[THE PROBLEM]:
Only some lines are wanted: please transcribe exactly those from the one containing "Minimalist Ocean And" through the end of the data, pictures excluded.

[DATA LISTING]:
==========
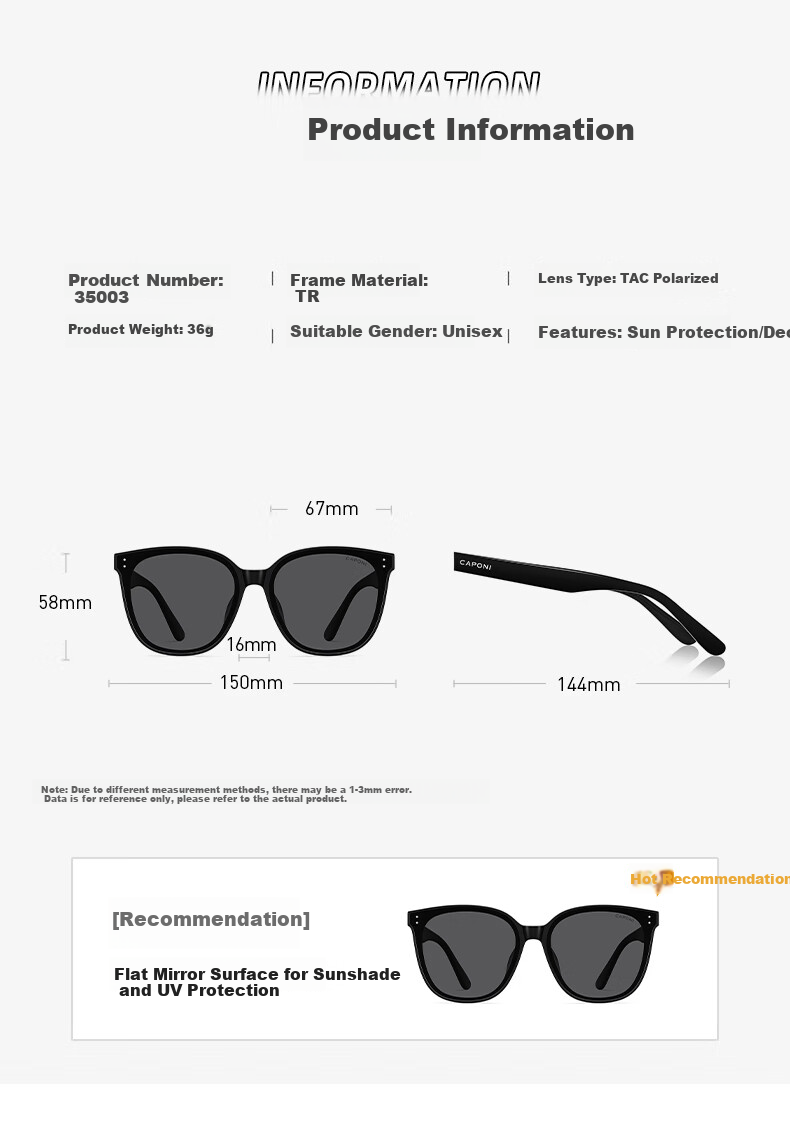 CAPONI Polarized Sunglasses UV Protection Driving Unisex Sun Glasses Large Face Gift 8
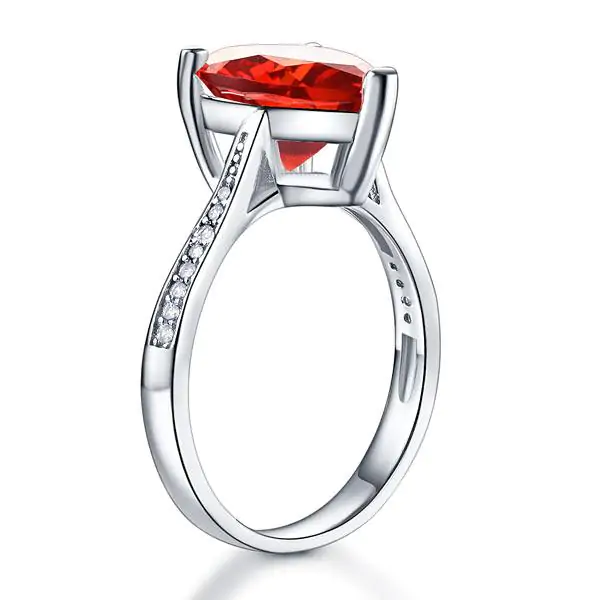 3.5 Carat Heart Ruby Red Created Diamond Ring - Image 2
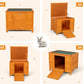 COZIWOW 24inches Wooden Catio Outdoor Cat House Small Animal House，Rabbit Hutch Indoor，Stable Weatherproof Bunny Cage Pet Shelter for Small Cat Dog Rabbit Guinea Pig(Orange)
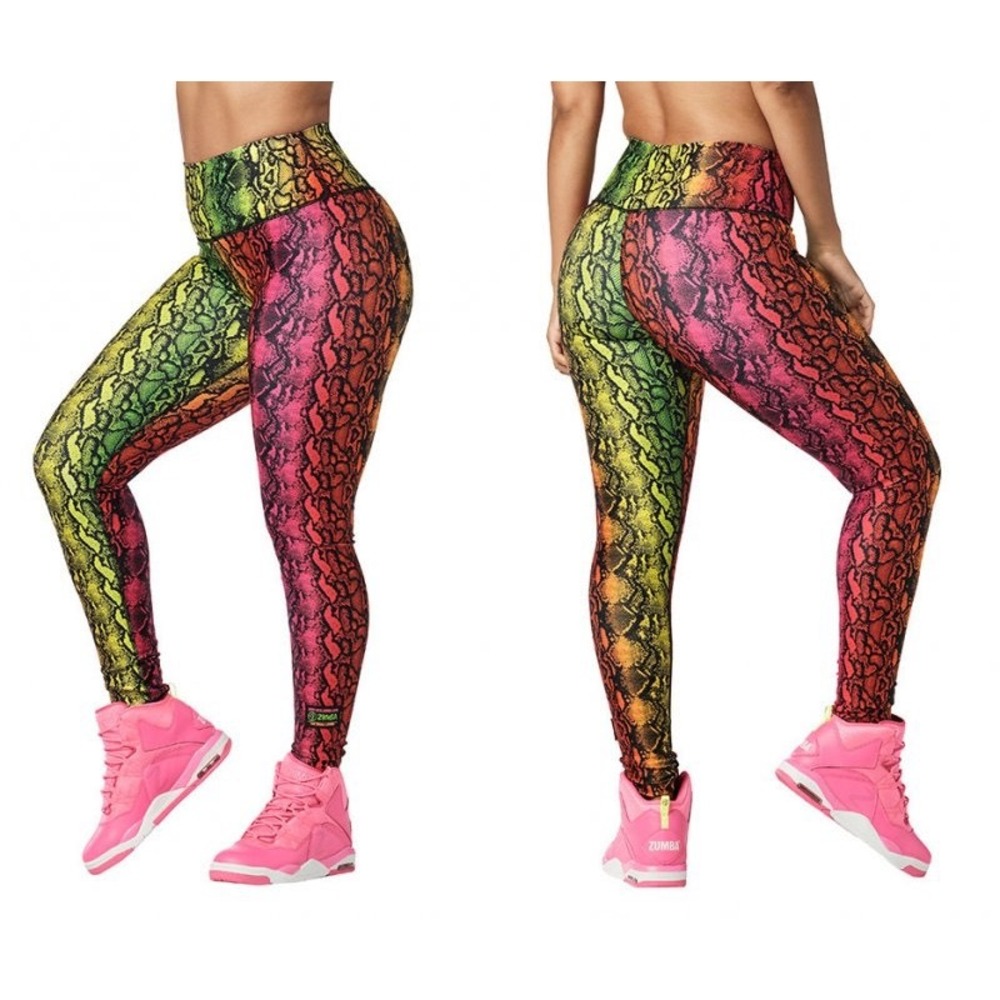 Zumba Wear Leggings Small Rainbow Snakeskin Spicy High Rise Athletic Dance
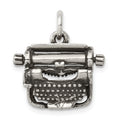 Sterling Silver Antiqued Typewriter Charm, 20 x 19 mm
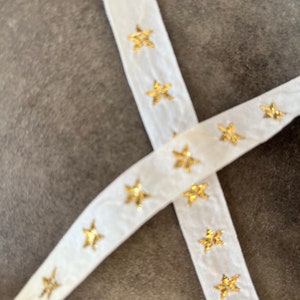 5/8" Vintage Metallic Gold Star, Woven Jacquard Ribbon Patriotic trim, USA ribbon, 1 yard image 1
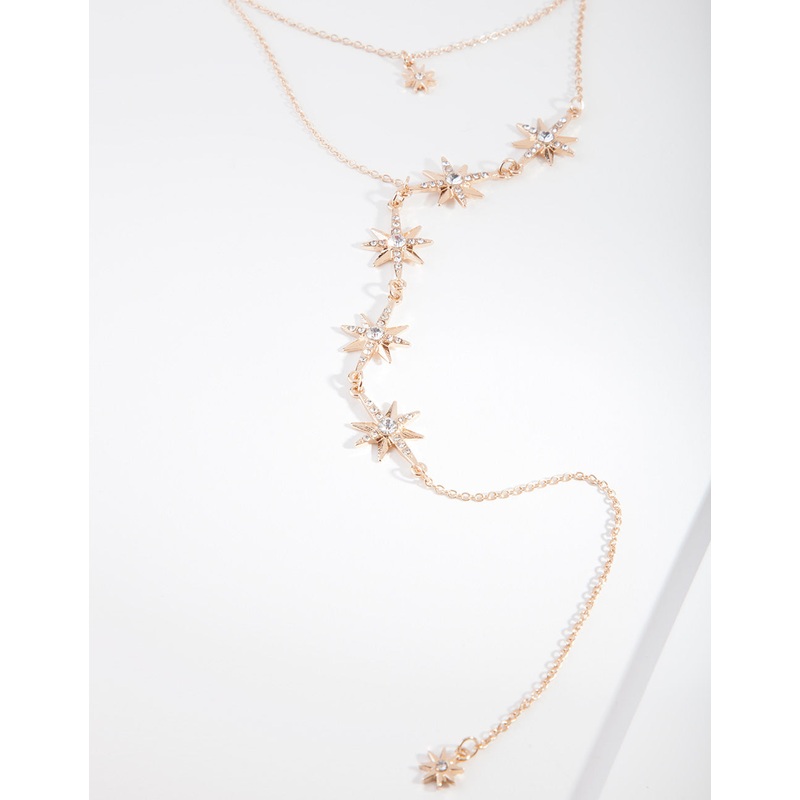 Gold Diamante Star Y Necklace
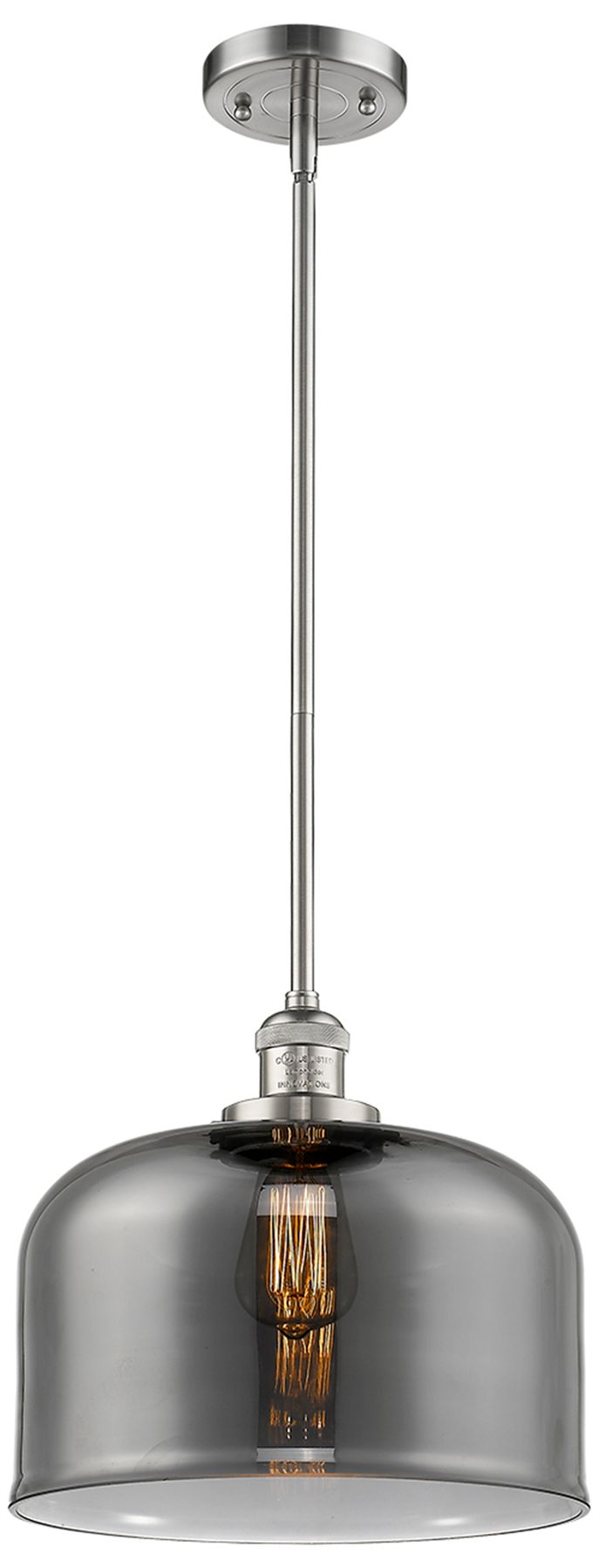 Image 5 Bell 12" Matte Black Swing Arm w/ Plated Smoke Shade more views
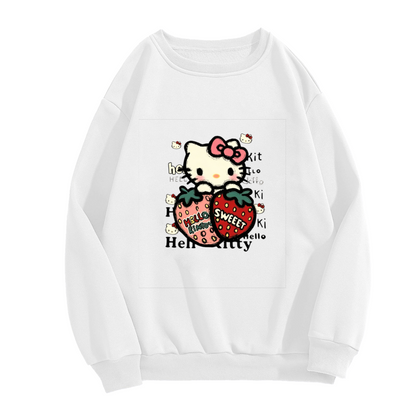 Sweet Strawberry Hello Kitty Y2K Aesthetic Crewneck Sweatshirt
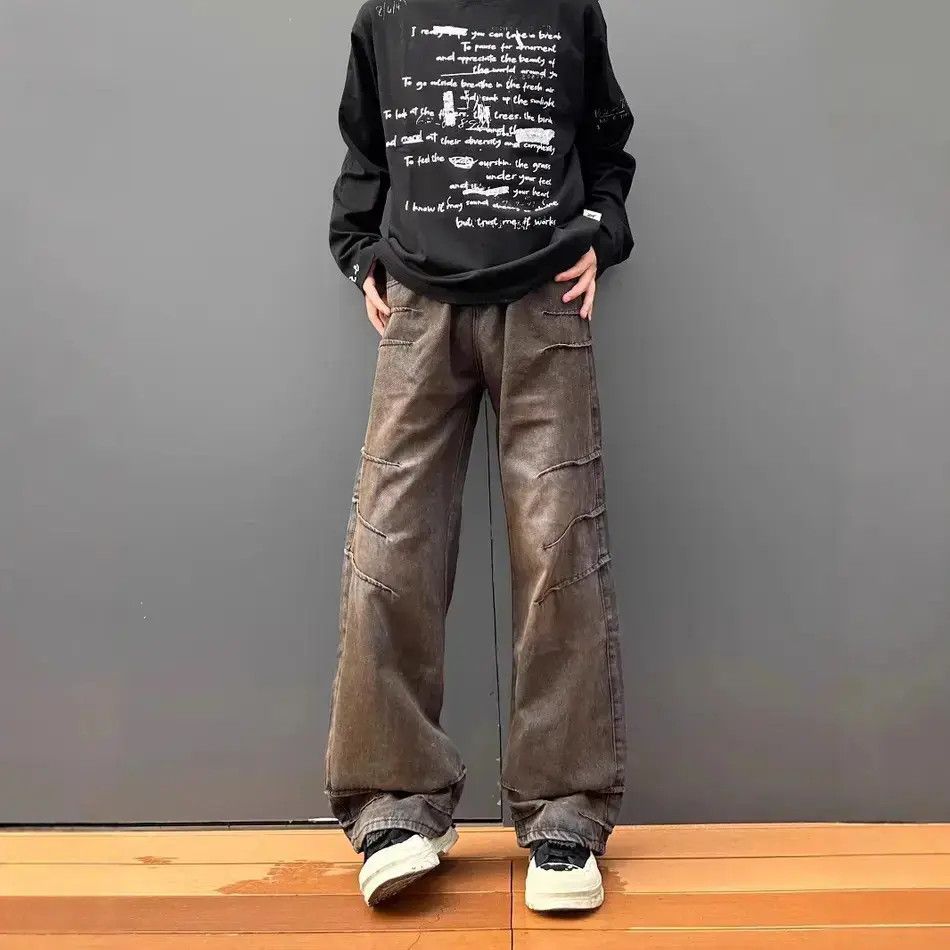 Japanese Brand Retro loose straight leg wide leg dirty dyed jeans Size US 32 / EU 48 - 2 Thumbnail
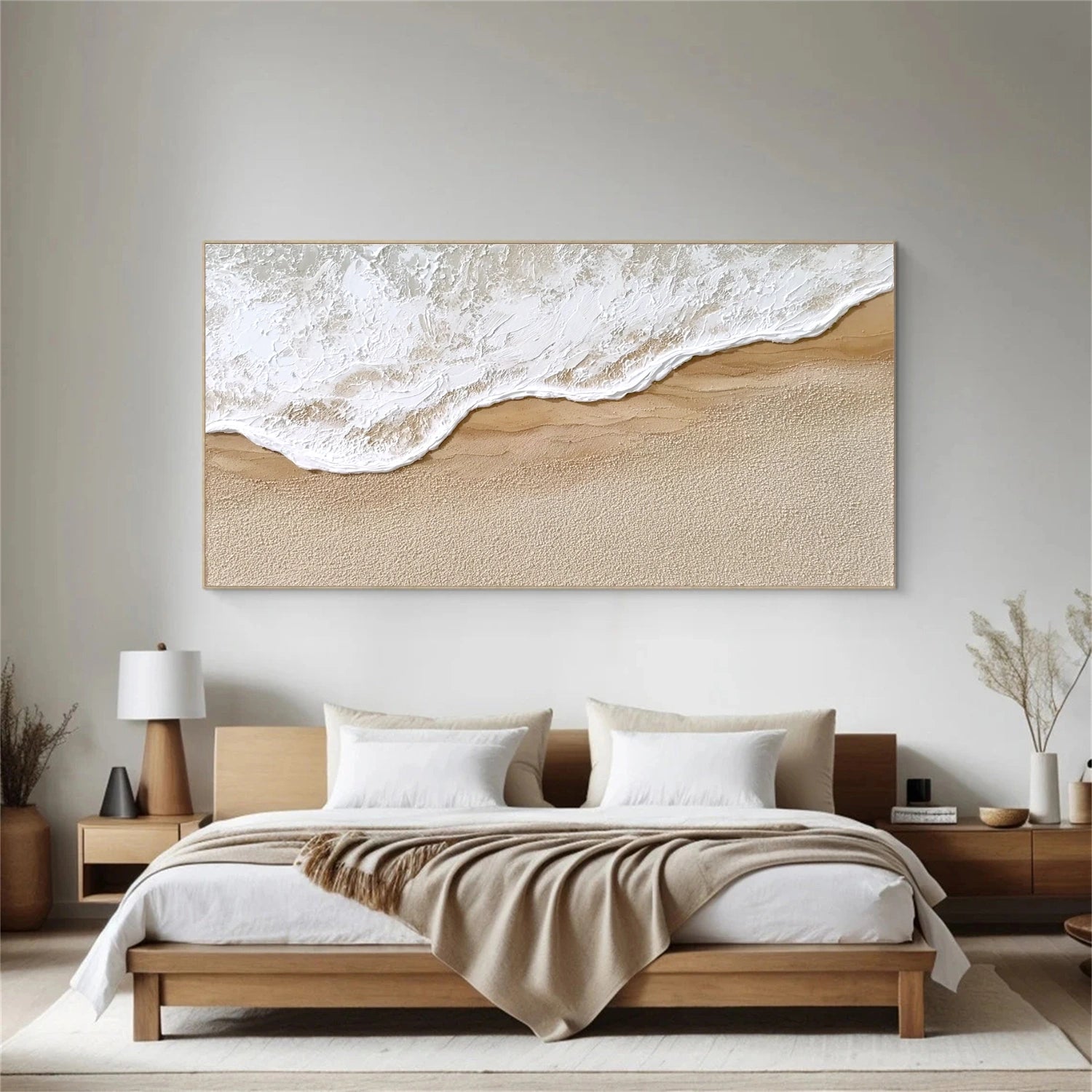 Minimalist Ocean And Sky Textured Canvas Art #OC140
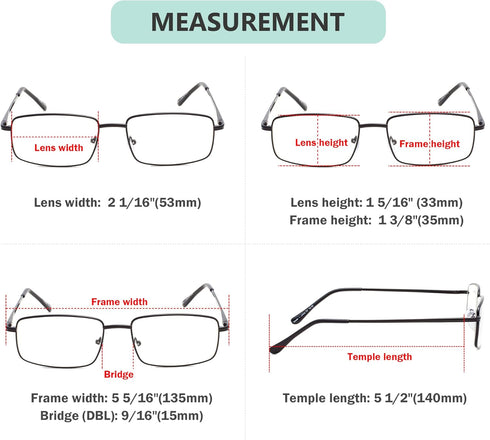 Eyekepper 3-pack Readers Rectangular Spring Temple Large Metal Reading Glasses Men Black +2.0...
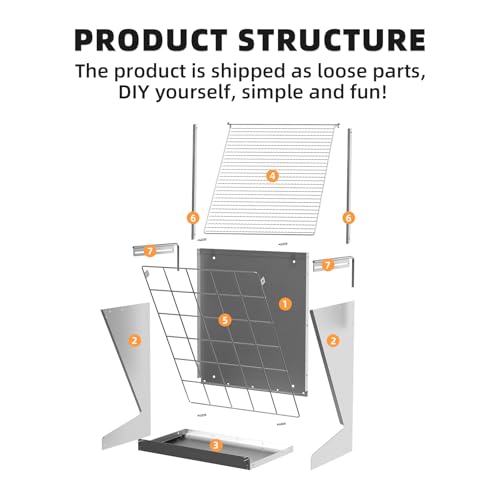 Wall Mount Hay Rack, 2 in-1 Goat Hay Feeder with Hook, 19 Gallons Heavy Duty Galvanized Wall Hay Rack, Livestock Feeder with Adjustable Distance, Easy to Install, Hay Feeder for Goats, Sheep, Horse - size: with top cover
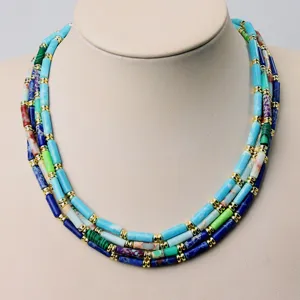 Mehrschichtige bunte Halbedelstein Perlenkette Damen modische Kette Schmuck Geschenke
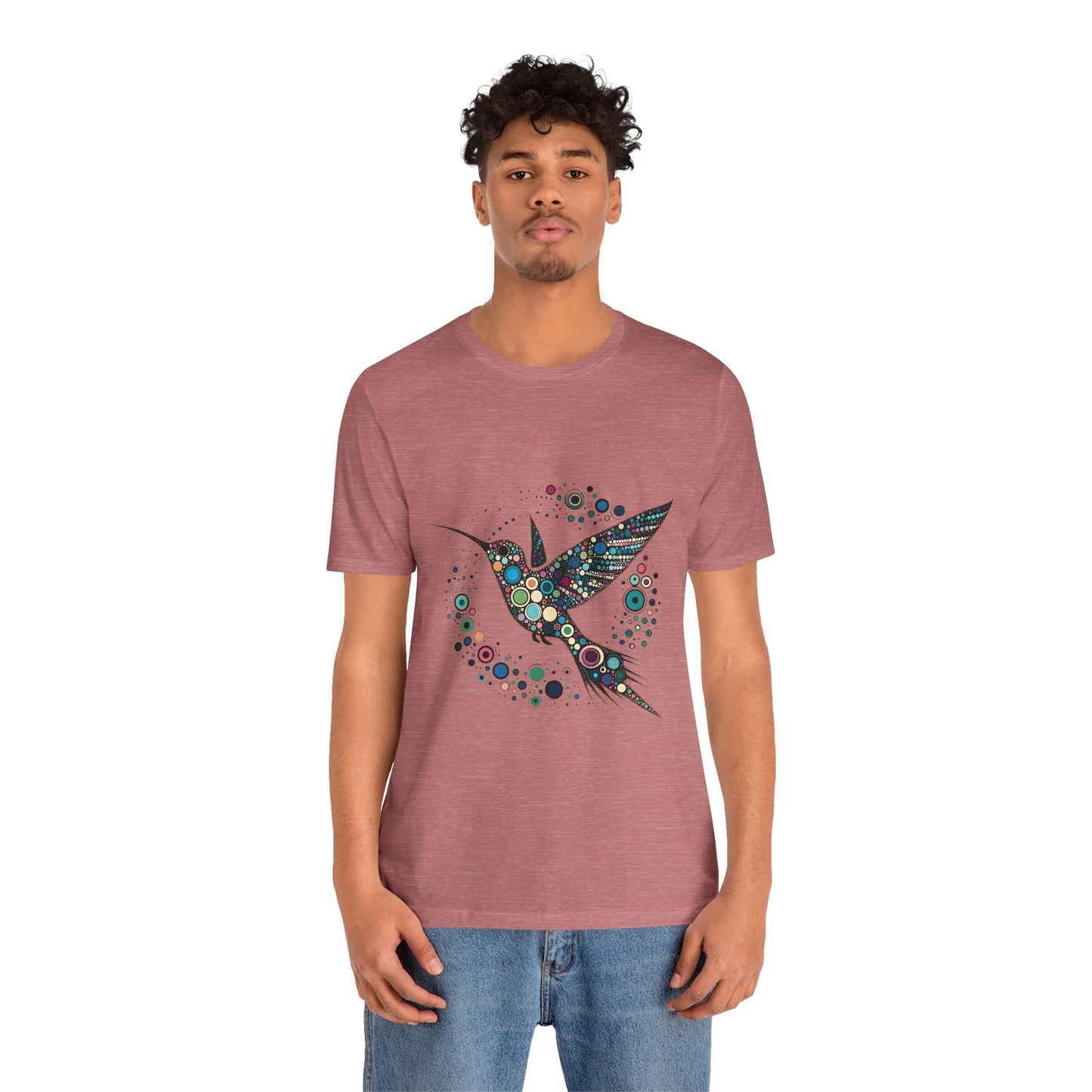 Hummingbird Dot Art T-Shirt – Colorful Nature-Inspired Graphic Tee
==========
[EXERCISE SOLUTION]:
 Minimalist Ocean And Sky Textured Canvas Art #OC140
 Eyekepper 3-pack Readers Rectangular Spring Temple Large Metal Reading Glasses Men Black +2.0...
 Wall Mount Hay Rack, 2 in-1 Goat Hay Feeder with Hook, 19 Gallons Heavy Duty Galvanized Wall Hay Rack, Livestock Feeder with Adjustable Distance, Easy to Install, Hay Feeder for Goats, Sheep, Horse - size: with top cover
 Mehrschichtige bunte Halbedelstein Perlenkette Damen modische Kette Schmuck Geschenke
 Hummingbird Dot Art T-Shirt – Colorful Nature-Inspired Graphic Tee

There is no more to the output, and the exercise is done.